Winter Raspberry Production in an Earth Contact Solar Greenhouse.
The 400 raspberry plants were ordered and delivered. One day was spent planting the bare root plants in 3 gallon plastic pots filled with compost. The plants were set aside on a level area covered with weed barrier in a location sheltered from the wind.
The building site was chosen based on location to other buildings and the amount of dirt accessible. The building site was laid out and marked off. A neighbor was hired to spend 5 days dozing out the Earth Contact Solar Greenhouse (ECSG) footprint and using that dirt to create a bank on the uphill side. The finish work for the excavation was done with a small tractor and bucket.
Used tires were sourced through local tire shops for free. The only requirement was that a statement was signed to certify that the tires were going into a building project. The tire shops needed this documentation to show to the EPA inspectors. One sidewall was cut off using various electric saws. After burning up a reciprocating saw and a circular saw, it was determined that the best option was a jig saw. This was used to remove the sidewalls of the remaining tires. The tires were sorted into similar size categories. Beginning with the larger tires a line was laid in the ECSG footprint along the north wall. The side with the sidewall removed faced upward. The small tractor and bucket were used to scoop dirt into the tires. A tamper was rented to tamp the dirt into and in between the tires. This process was repeated until the tire wall stood 6 foot tall. Each layer was set back from the edge of the layer below to help stabilize the wall. The dirt in the footprint is a heavy clay. The weather has been too dry or too wet to proceed further with the wall construction, at this point.
The 200 Nova primacane raspberry brambles did bloom and produce 10 quarts of raspberries. These large, flavorful, and sweet berries were greatly enjoyed! The production was not at a level that sales were considered this first year.
The results have been the production of raspberries that greatly exceed the products that can be purchased in area grocery stores. This has encouraged us to believe that the end product will be very popular with local chefs and restaurant owners, once production is at a scale that sales will be possible.
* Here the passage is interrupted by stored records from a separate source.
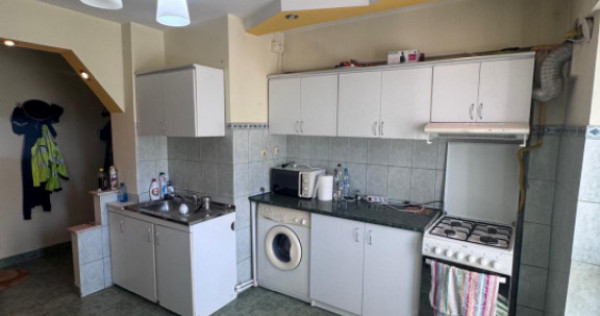 Apartament 2 camere, central , Radauti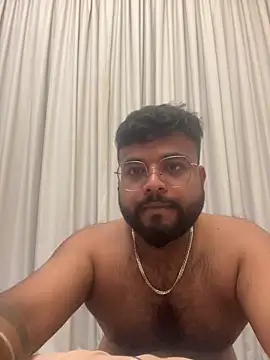 Snapshot of SoloChill chatting on July 1, 2026, 9:31 am SoloChill online show from July 1, 2026, 9:31 am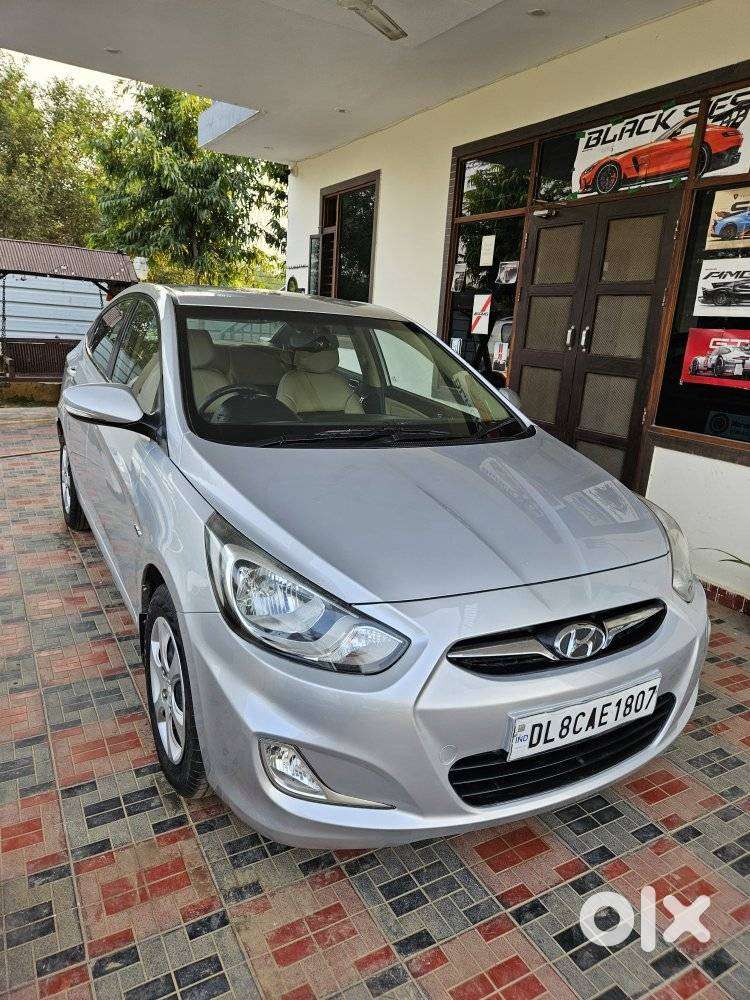 Hyundai Verna Vtvt 1.6 Sx, 2013, Petrol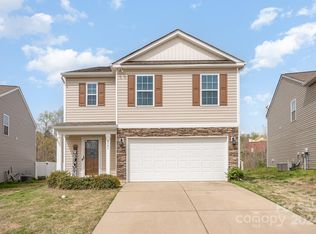 8721 Longnor St, Charlotte, NC 28214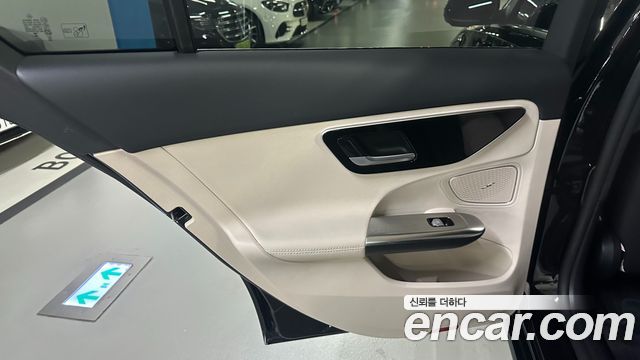 Mercedes-Benz C-Class C300 4MATIC Avantgarde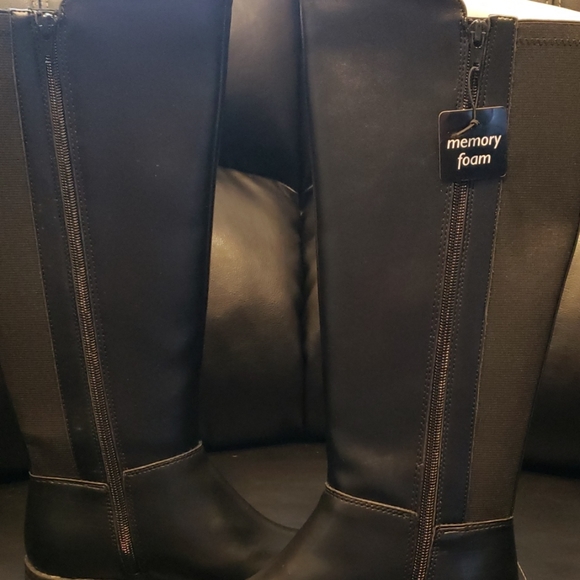 SOLD SOLD SOLD SOLD SOLD Womens Boots - Picture 5 of 7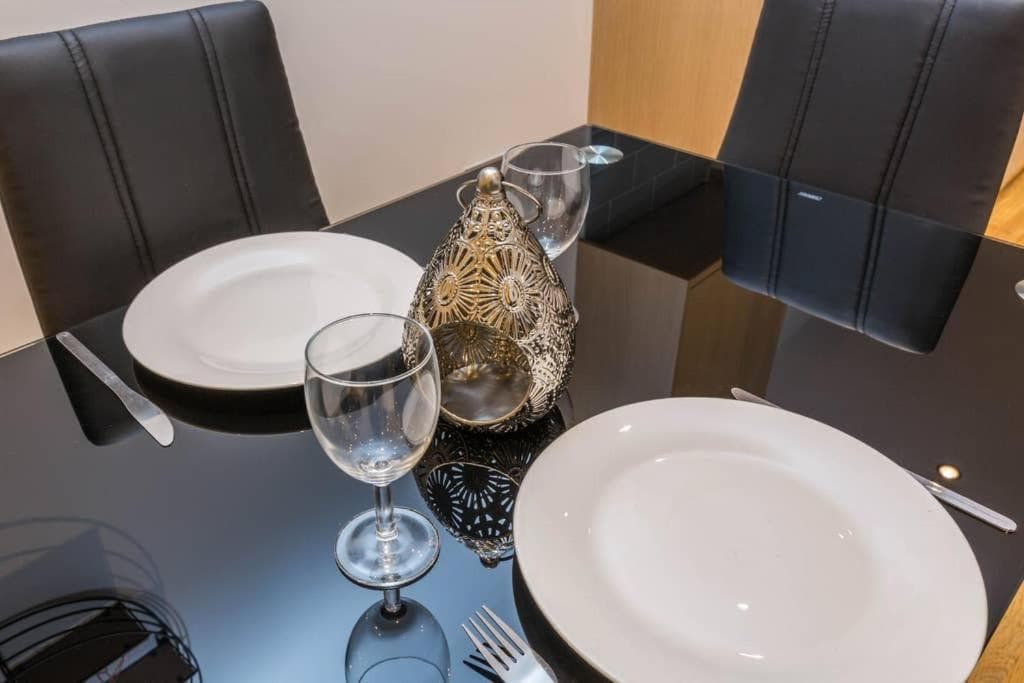 Long Row Apartments in Nottingham City Centre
Weather proved to be a larger obstacle than was anticipated. Heavy spring rains and a dry summer halted construction. The heavy clay in the selected construction area cannot be worked when more than slightly wet or when extremely dry. The excavation and wall construction has also taken more man hours than anticipated.
Of the 400 raspberry plants ordered, 70 were lost. This is a higher percentage than expected.
Tires have been more readily available than they were believed to be. There appears to be a rather unlimited supply for construction purposes.
Only a jig saw should be used to remove the tire side walls. The circular saw and reciprocating saw that were used quickly died due to the motor burning up. The jig saw is not the most comfortable for the operator, but lasts the longest.
WORK PLAN FOR 2012
The dirt work will need some minor repairs due to the winter weather and run off. Once the soil is ready the tire wall will be completed on the north side. Shorter tire walls will be constructed on either end, and a footer of tires will be constructed on the south side. The topsoil that was scraped off and set to the side will be used to back-fill the ECSG footprint and to cover the berm on the uphill side.
The waterline will be run and the hydrant set up inside the ECSG.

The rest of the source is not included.